Nix (Tragility Phoenix Hot Spot) Border Collie - Black/White Long Coated








KC reg, he is 4 yrs old, has done some agility. Lovely boy, active and typical collie inteligence 
Any home will need to be accepted by his breeder aswell as his owner.

Saphy - Staffy x Whippet








She is 3ish years old. She is a whippet cross Staffordshire bull terrier. She is ok with children but is funny with other dogs when out and about so can not go off lead. However she does play in a pack of 7 and had allowed three foster dogs into the pack with no problems. She can not go with cats. She has been kenneled so is not house trained but she is a very quick learner. Rehoming due to no fault of her own. She is speyed, vacced and chipped. Can you offer saphy a forever home?

Vicar - Staffy X








This little chap is very petite. He is 2 in April. He is good with other dogs and children. Can not go with cats. He is good off lead. He is not house trained due to always being kenneled. Rehoming due to no fault of his own. Can you offer him a forever home?

They are located in PE15 Cambridgeshire.

*Heidi*


----------



## kate_7590 (Feb 28, 2009)

Those top 3 dogs look so familiar !!! 
Trying to rack my brains, Im almost possitive Iv seen them/ know who they belong to, even the names ring bells, especially Rodders.




ETA- Just realised where I know them from. Why is Lou having to rehome??


----------



## hazyreality (Jan 11, 2009)

kate_7590 said:


> Those top 3 dogs look so familiar !!!
> Trying to rack my brains, Im almost possitive Iv seen them/ know who they belong to, even the names ring bells, especially Rodders.
> 
> 
> ...


Not sure TBH 
I know her from having looked after them for 2 weeks while she was away and said I would cross post for her x


----------



## kate_7590 (Feb 28, 2009)

So sad, to have to/ want to rehome 5 dogs at the same time. Something awful must of happened for her to need to do this. Hope they find lovely homes asap


----------



## hazyreality (Jan 11, 2009)

I know  She is keeping her 2 oldest, but can't keep these.

ETA - just seen Rodders on Agilitynet and it says marriage break up and having to move into a friends house  thats what I thought it was but didn't want to suggest just incase it wasn't.


----------



## hazyreality (Jan 11, 2009)

Bump - anyone?
These boys, and girl really need loving homes...

*Heidi*


----------



## kate_7590 (Feb 28, 2009)

Keeping my fingers crossed for these dogs, such a shame she has to rehome her beloved dogs 
I see things like this and wish I was in a position to take them for her, even if it was just until she could work something out.


----------



## hazyreality (Jan 11, 2009)

Jack has gone to a new home today.
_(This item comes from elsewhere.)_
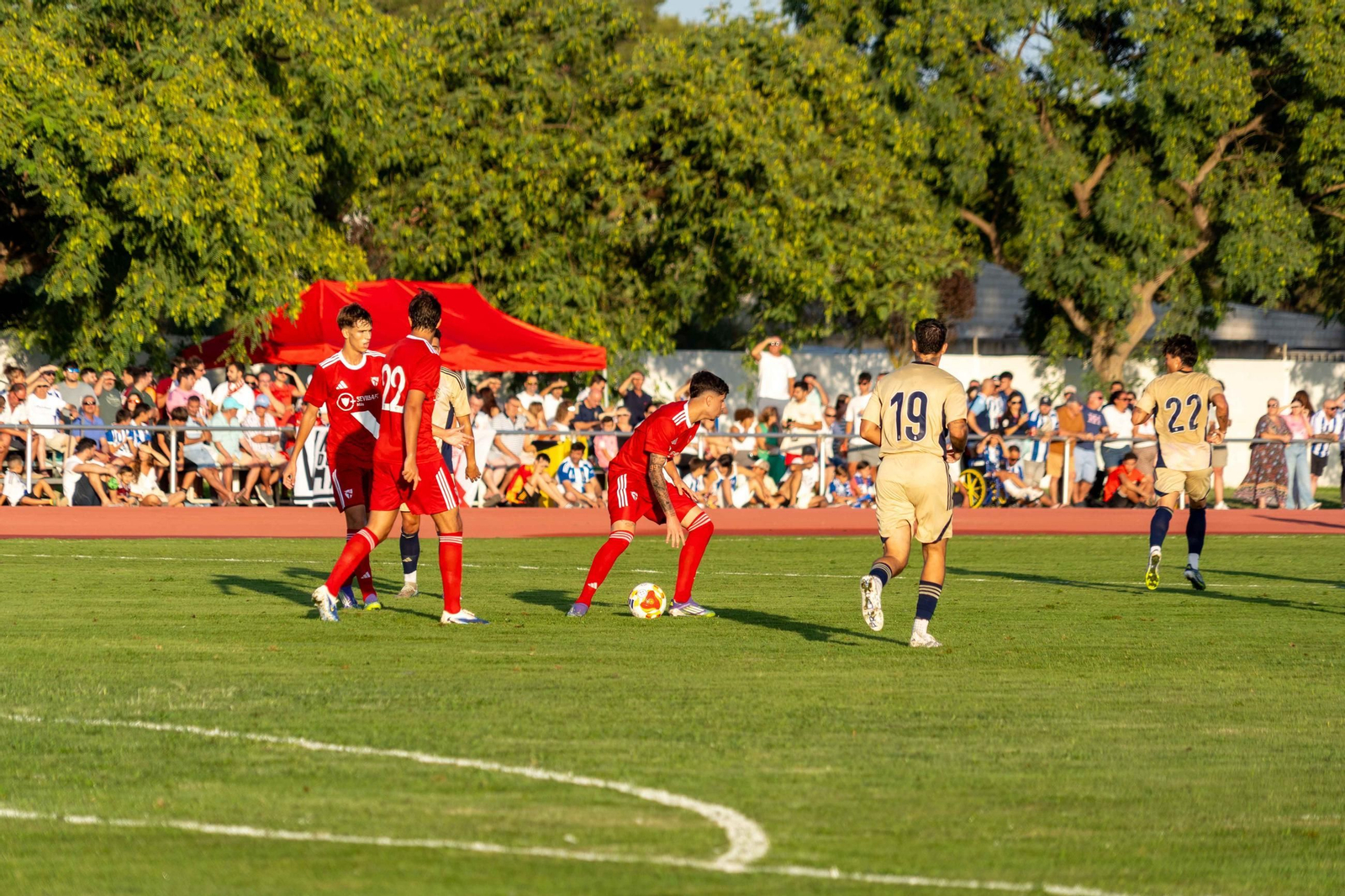 Imágenes del XXXIX Memorial Manuel González Rodríguez entre el Recreativo de Huelva - Sevilla Atlético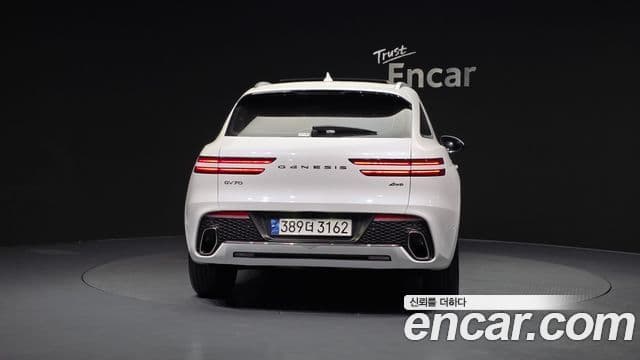 Genesis GV70, 2023 4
The other 4 are still looking


----------



## Symone (Dec 3, 2012)

I just wish I could take them all, however I live in a flat and it wouldn't be fair to them  
Good luck rehoming them.. If any still need a home come april when I move, poke me? They seem so lovely.


----------



## hazyreality (Jan 11, 2009)

Nix has an owner lined up - 3 still waiting


----------



## hazyreality (Jan 11, 2009)

3 still waiting


----------